Thanks for stopping by College Azimuth.

This site exists to help everyday people—students, families, parents, counselors, policymakers—make sense of the enormous amount of information surrounding higher education. College, despite all the debate around it, remains one of the most consequential financial decisions a person and their family can make.

Most of the information available today is anchored around prestige or secondary factors—campus life, amenities, reputation. I’m not saying those things don’t matter. But for many families, they’re not the main concern.

The main concern is much more practical:

  • How do we stay in school when the tuition bill feels overwhelming?
  • What does it mean to take on debt—and how will it actually affect life after graduation?
  • Is “go to the best school you can get into” always good advice?

Professionally, I come to this work with an MBA in Analytical Finance from the University of Chicago and experience working across these issues as a nonprofit executive, a venture-backed startup founder, and an advisor. I’ve spent years around student finance, higher-ed data, and policy—and I’ve seen how easy it is for well-meaning guidance to gloss over real trade-offs.

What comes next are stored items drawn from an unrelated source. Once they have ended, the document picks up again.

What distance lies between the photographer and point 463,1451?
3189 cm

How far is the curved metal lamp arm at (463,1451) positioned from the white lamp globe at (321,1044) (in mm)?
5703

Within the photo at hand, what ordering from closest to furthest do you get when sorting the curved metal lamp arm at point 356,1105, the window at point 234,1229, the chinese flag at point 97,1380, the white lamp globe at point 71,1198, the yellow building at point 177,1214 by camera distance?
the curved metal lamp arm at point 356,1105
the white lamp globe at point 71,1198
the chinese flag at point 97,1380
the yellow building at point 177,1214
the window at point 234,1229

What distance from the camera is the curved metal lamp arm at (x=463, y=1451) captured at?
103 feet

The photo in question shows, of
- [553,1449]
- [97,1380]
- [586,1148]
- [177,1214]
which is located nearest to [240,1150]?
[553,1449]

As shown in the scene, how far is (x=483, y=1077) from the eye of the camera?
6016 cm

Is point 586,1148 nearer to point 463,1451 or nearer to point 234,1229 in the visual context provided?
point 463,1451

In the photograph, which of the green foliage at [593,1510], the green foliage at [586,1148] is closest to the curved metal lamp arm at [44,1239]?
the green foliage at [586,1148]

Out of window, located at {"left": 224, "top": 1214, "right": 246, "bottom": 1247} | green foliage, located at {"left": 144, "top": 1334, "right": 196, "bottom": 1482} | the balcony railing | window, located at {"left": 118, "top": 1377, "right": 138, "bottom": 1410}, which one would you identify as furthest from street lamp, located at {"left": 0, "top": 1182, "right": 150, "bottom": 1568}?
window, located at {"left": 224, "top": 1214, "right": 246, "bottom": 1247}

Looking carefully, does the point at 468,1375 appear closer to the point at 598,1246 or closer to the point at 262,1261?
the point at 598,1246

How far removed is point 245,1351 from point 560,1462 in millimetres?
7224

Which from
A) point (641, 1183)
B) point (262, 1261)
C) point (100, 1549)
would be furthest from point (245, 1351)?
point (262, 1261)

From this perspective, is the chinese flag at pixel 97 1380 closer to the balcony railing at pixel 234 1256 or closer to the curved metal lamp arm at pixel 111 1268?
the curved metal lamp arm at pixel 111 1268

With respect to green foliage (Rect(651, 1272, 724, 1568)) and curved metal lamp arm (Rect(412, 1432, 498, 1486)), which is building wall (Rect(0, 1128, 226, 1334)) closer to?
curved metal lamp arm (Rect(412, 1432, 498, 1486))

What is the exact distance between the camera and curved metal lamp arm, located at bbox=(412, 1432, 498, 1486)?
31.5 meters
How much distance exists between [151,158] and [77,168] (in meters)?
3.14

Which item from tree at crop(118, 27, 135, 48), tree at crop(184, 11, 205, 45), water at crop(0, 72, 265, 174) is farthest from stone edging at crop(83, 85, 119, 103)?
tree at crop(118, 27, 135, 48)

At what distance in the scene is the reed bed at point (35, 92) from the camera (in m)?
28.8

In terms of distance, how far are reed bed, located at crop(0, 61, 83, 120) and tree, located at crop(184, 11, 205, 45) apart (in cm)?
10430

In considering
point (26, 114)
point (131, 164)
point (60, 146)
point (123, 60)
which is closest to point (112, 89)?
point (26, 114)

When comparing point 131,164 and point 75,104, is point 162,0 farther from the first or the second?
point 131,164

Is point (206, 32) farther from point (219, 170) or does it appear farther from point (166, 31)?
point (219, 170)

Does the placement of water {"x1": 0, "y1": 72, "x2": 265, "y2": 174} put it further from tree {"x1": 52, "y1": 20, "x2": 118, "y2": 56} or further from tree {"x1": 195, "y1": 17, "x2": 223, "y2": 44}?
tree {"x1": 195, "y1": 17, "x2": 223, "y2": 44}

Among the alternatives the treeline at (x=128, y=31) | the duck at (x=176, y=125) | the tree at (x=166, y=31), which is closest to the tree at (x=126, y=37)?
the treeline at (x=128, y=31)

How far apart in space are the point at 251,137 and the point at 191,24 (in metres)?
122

Personally, I come to this work from a different place. I joined the military out of high school because I couldn’t afford college. Later, even after returning to school, I nearly had to drop out—until my grandmother co-signed a high-interest loan that kept me enrolled. She did so reluctantly, and understandably so. She was afraid of being on the hook for a debt she wasn’t sure I’d be able to repay. That moment stayed with me. It shaped how I think about risk, cost, and what it really means to ask families to “invest” in education.

So what’s an azimuth?

It’s a navigational term—a reference point that helps you find your bearings. In the Army, I served as a scout, which, in simple terms, meant helping people find their way. Over the past decade, my personal azimuth has been a straightforward one: helping people be able to make better decisions with clearer information, earlier—before the consequences are locked in.

That’s where College Azimuth comes from.

The main site is designed to present complex higher-education data in a way that’s intuitive and usable—so people can understand costs, outcomes, and trade-offs more clearly. This blog is where I slow things down. It’s where I unpack what the data means, what it doesn’t mean, and the stories it can tell when you look closely.

My hope is that this is useful—whether you’re making a decision yourself, or helping someone else make one.